INFORMATION -
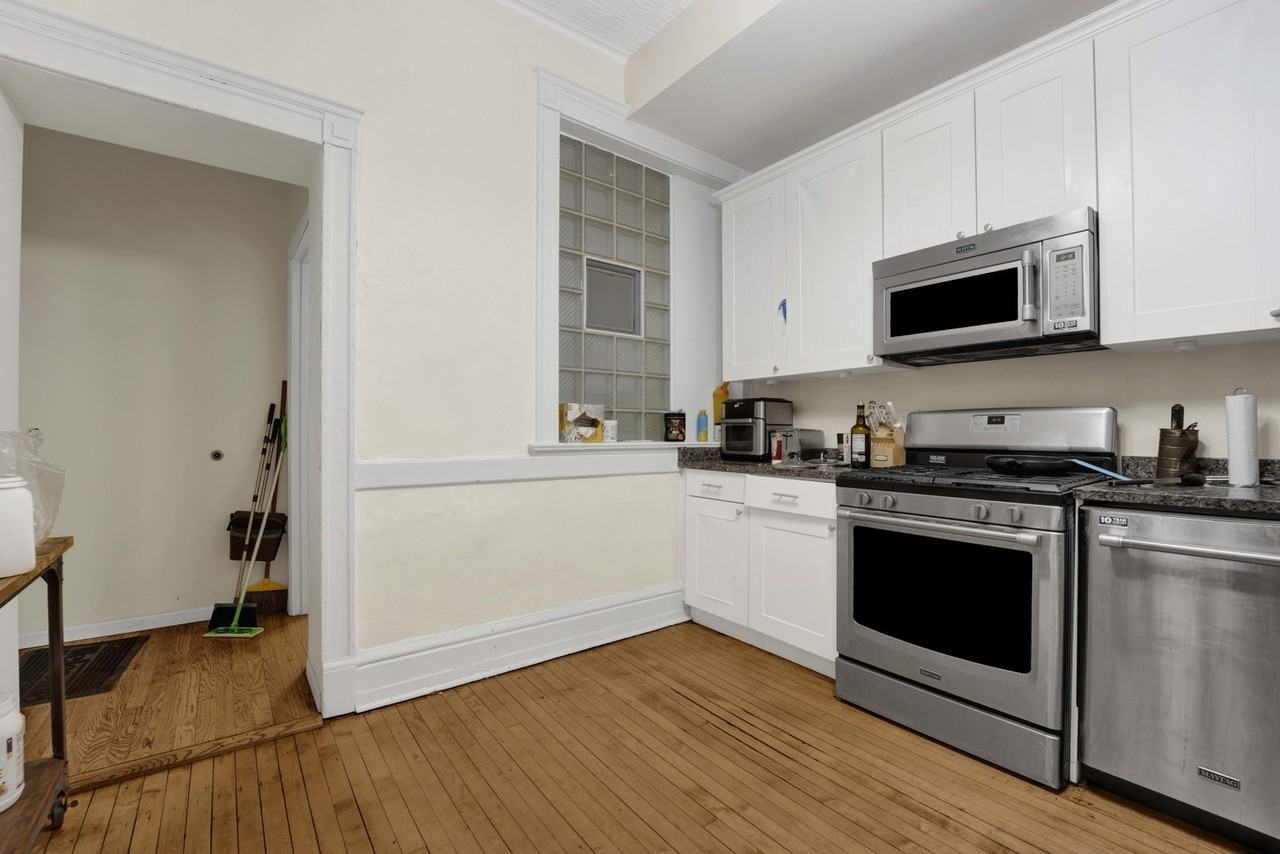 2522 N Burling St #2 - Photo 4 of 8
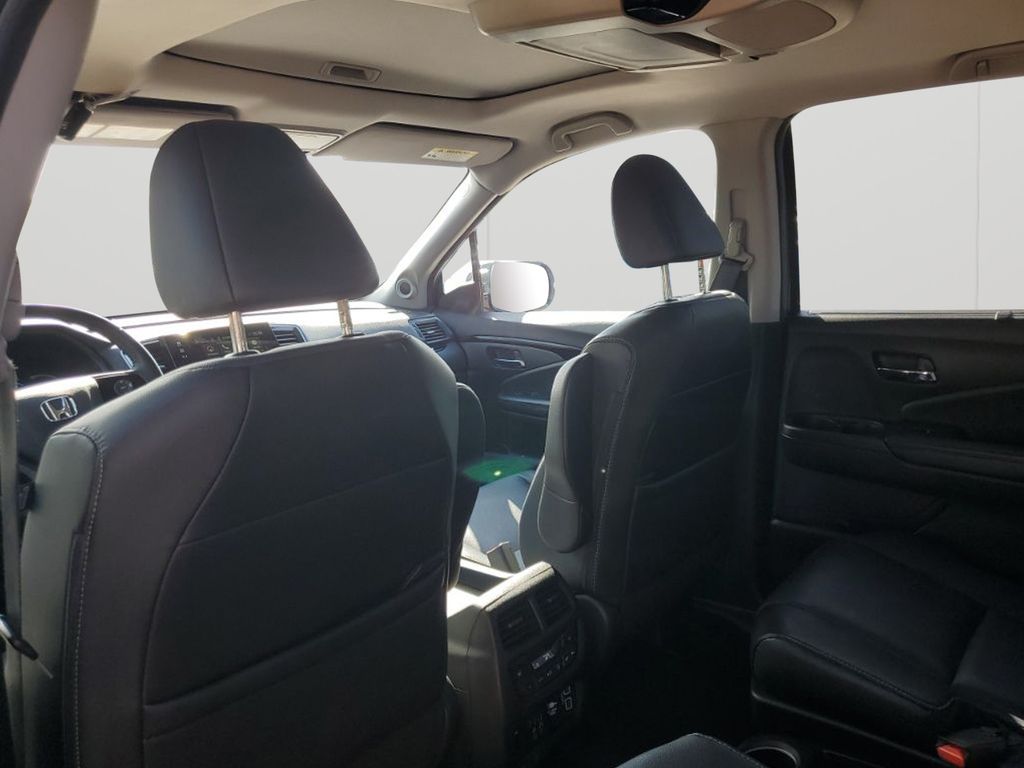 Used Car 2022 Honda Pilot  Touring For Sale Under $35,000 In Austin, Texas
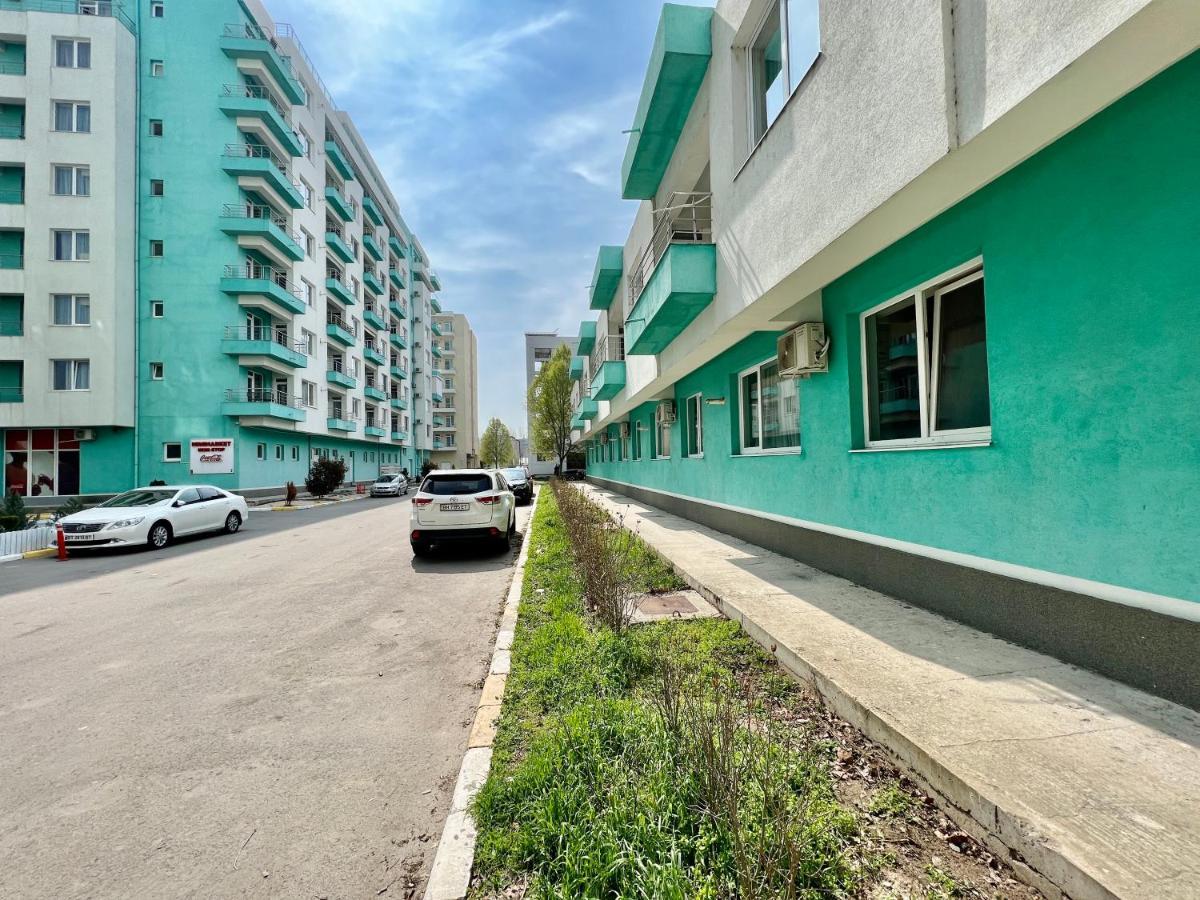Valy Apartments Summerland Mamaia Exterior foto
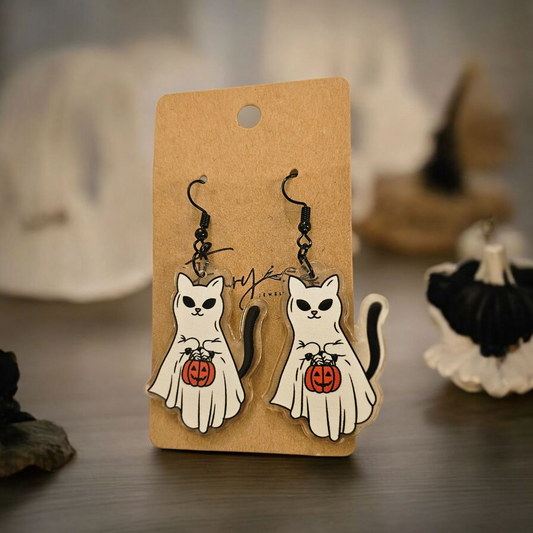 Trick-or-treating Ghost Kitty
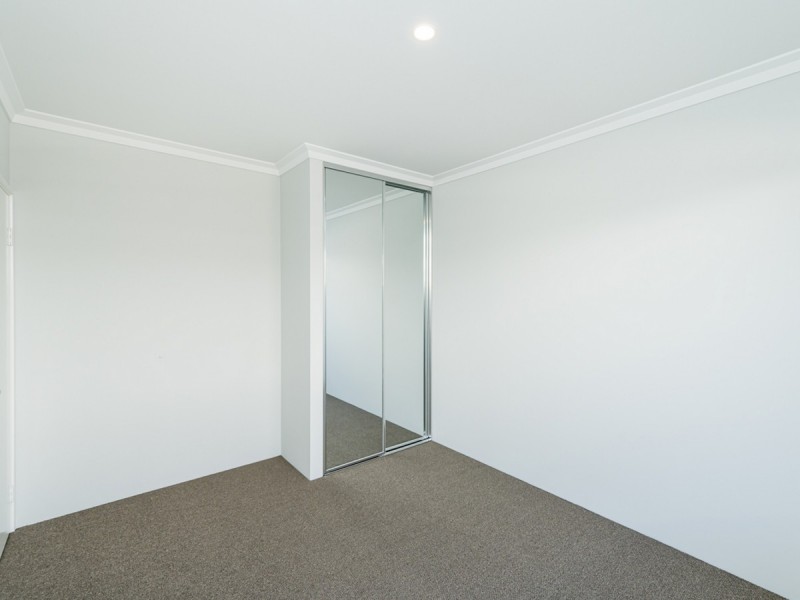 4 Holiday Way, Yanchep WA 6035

GOAL OF THE EXERCISE -
Print out the whole of the material word for word, without pictures.

OUTPUT FOR THIS EXERCISE -
 2522 N Burling St #2 - Photo 4 of 8
 Used Car 2022 Honda Pilot  Touring For Sale Under $35,000 In Austin, Texas
Valy Apartments Summerland Mamaia Exterior foto
 Trick-or-treating Ghost Kitty
 4 Holiday Way, Yanchep WA 6035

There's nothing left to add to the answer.